TASK STATEMENT
In the records below, find the line containing "Hello and welcome" and print it and every line after it exactly, through the end. Skip pictures.

THE RECORDS
——————

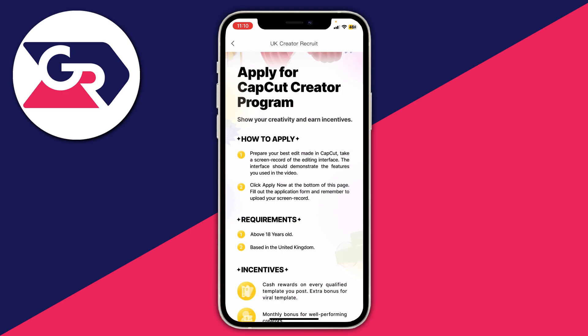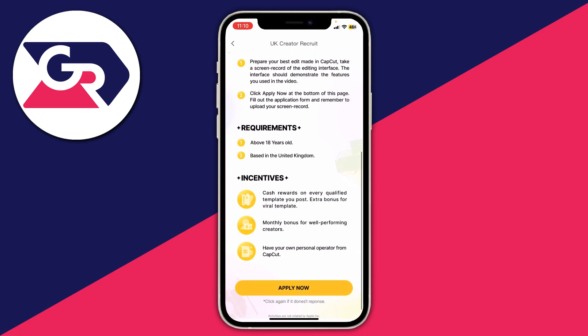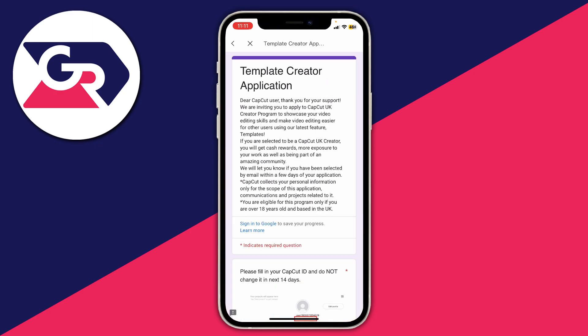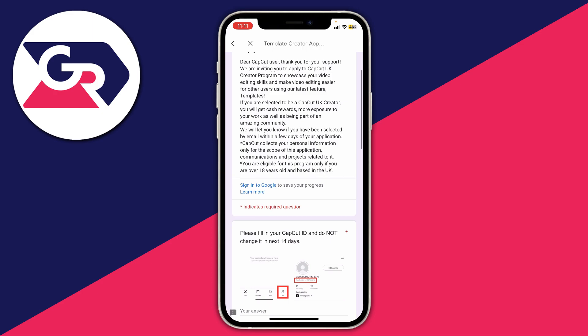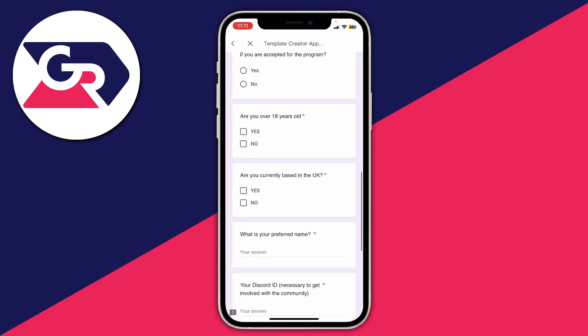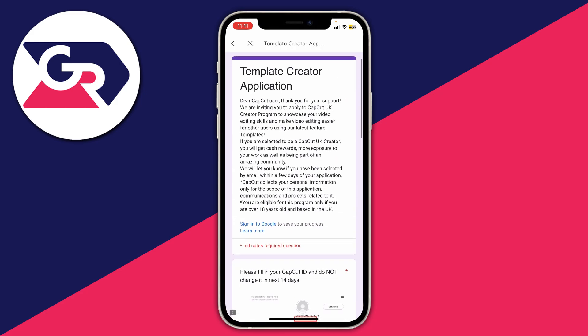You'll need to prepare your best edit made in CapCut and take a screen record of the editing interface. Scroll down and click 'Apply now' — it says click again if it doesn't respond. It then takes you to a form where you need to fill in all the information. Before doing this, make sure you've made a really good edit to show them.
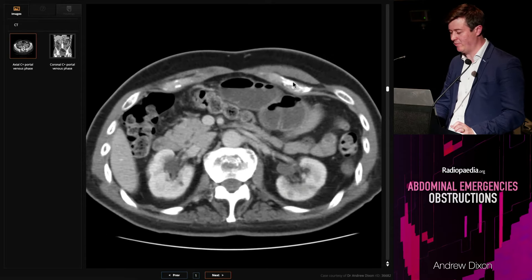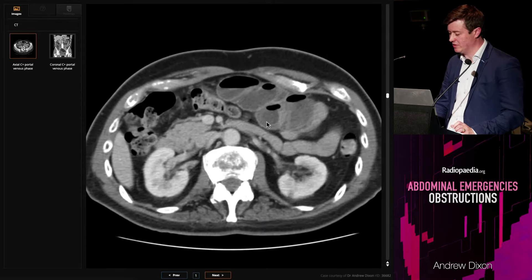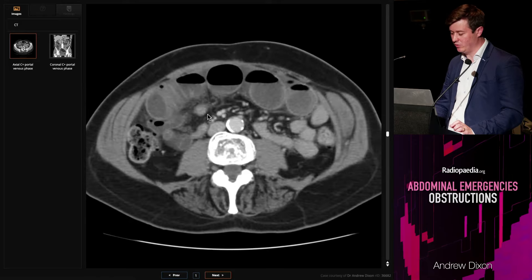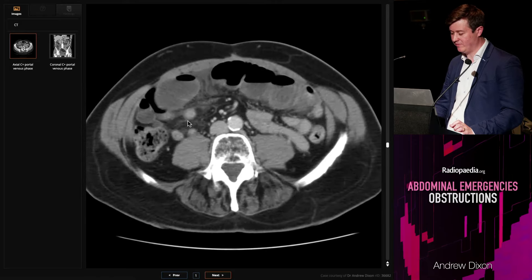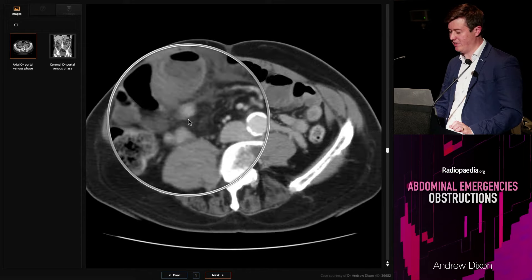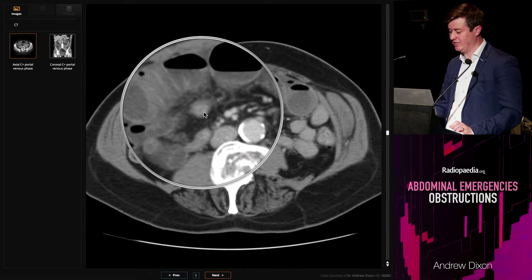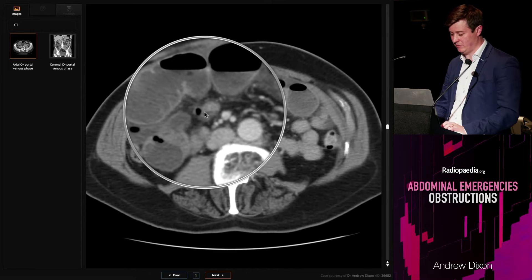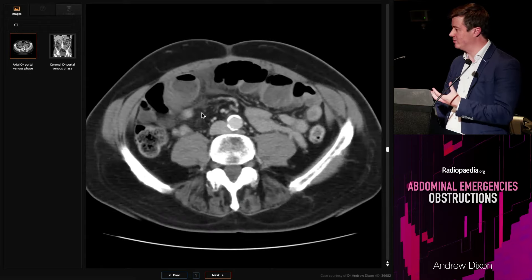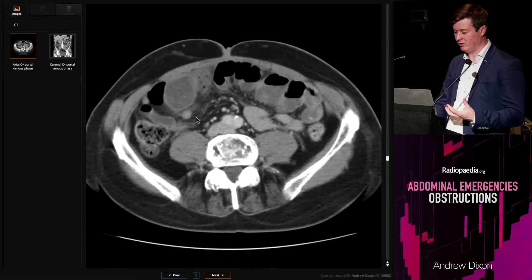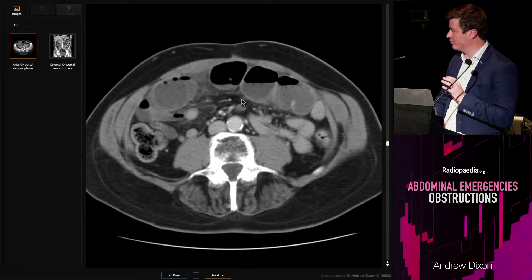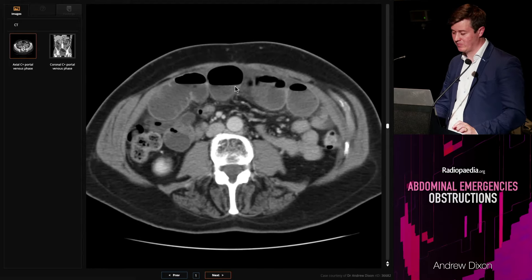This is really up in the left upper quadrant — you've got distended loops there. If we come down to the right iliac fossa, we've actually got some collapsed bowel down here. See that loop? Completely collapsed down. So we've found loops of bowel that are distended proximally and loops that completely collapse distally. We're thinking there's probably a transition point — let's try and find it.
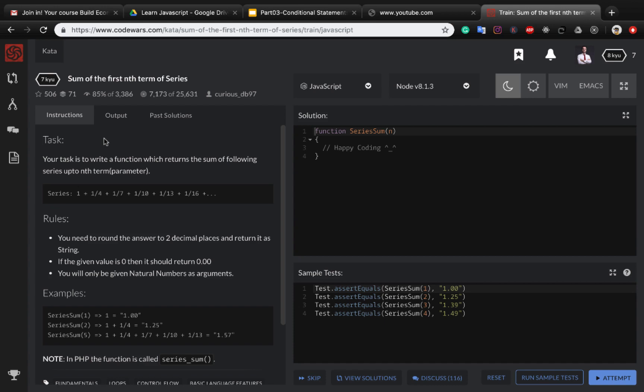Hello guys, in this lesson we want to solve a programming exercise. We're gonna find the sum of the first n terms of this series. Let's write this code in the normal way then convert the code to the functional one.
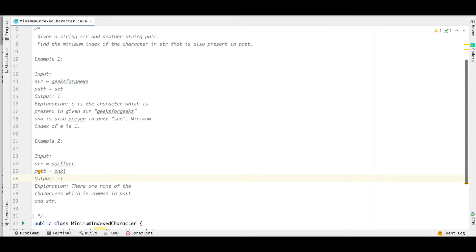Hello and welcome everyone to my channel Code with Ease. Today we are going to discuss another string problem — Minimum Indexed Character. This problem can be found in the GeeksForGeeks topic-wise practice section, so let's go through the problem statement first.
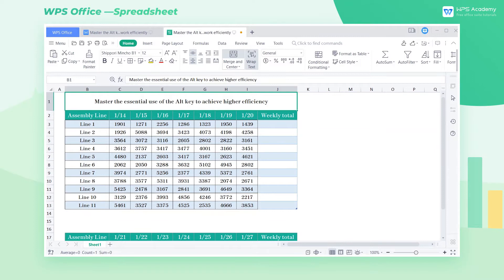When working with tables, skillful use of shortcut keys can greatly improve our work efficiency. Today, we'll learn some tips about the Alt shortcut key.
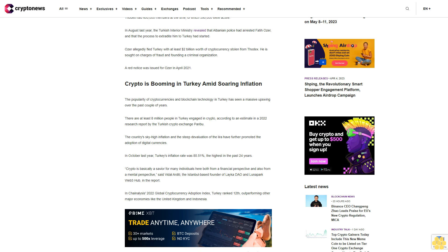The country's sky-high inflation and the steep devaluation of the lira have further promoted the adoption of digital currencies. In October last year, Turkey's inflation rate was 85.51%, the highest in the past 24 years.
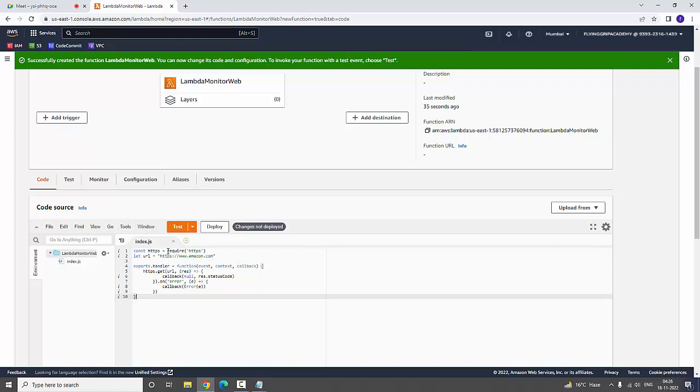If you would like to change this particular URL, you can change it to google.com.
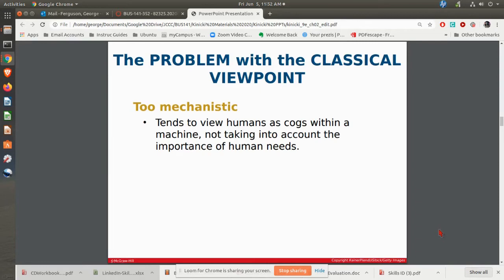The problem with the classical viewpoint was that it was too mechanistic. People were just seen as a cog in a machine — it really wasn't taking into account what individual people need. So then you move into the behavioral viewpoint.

——————

YOUR RESPONSE
Hello and welcome everyone to my channel Code with Ease. Today we are going to discuss another string problem — Minimum Indexed Character. This problem can be found in the GeeksForGeeks topic-wise practice section, so let's go through the problem statement first.
When working with tables, skillful use of shortcut keys can greatly improve our work efficiency. Today, we'll learn some tips about the Alt shortcut key.
The country's sky-high inflation and the steep devaluation of the lira have further promoted the adoption of digital currencies. In October last year, Turkey's inflation rate was 85.51%, the highest in the past 24 years.
If you would like to change this particular URL, you can change it to google.com.
The problem with the classical viewpoint was that it was too mechanistic. People were just seen as a cog in a machine — it really wasn't taking into account what individual people need. So then you move into the behavioral viewpoint.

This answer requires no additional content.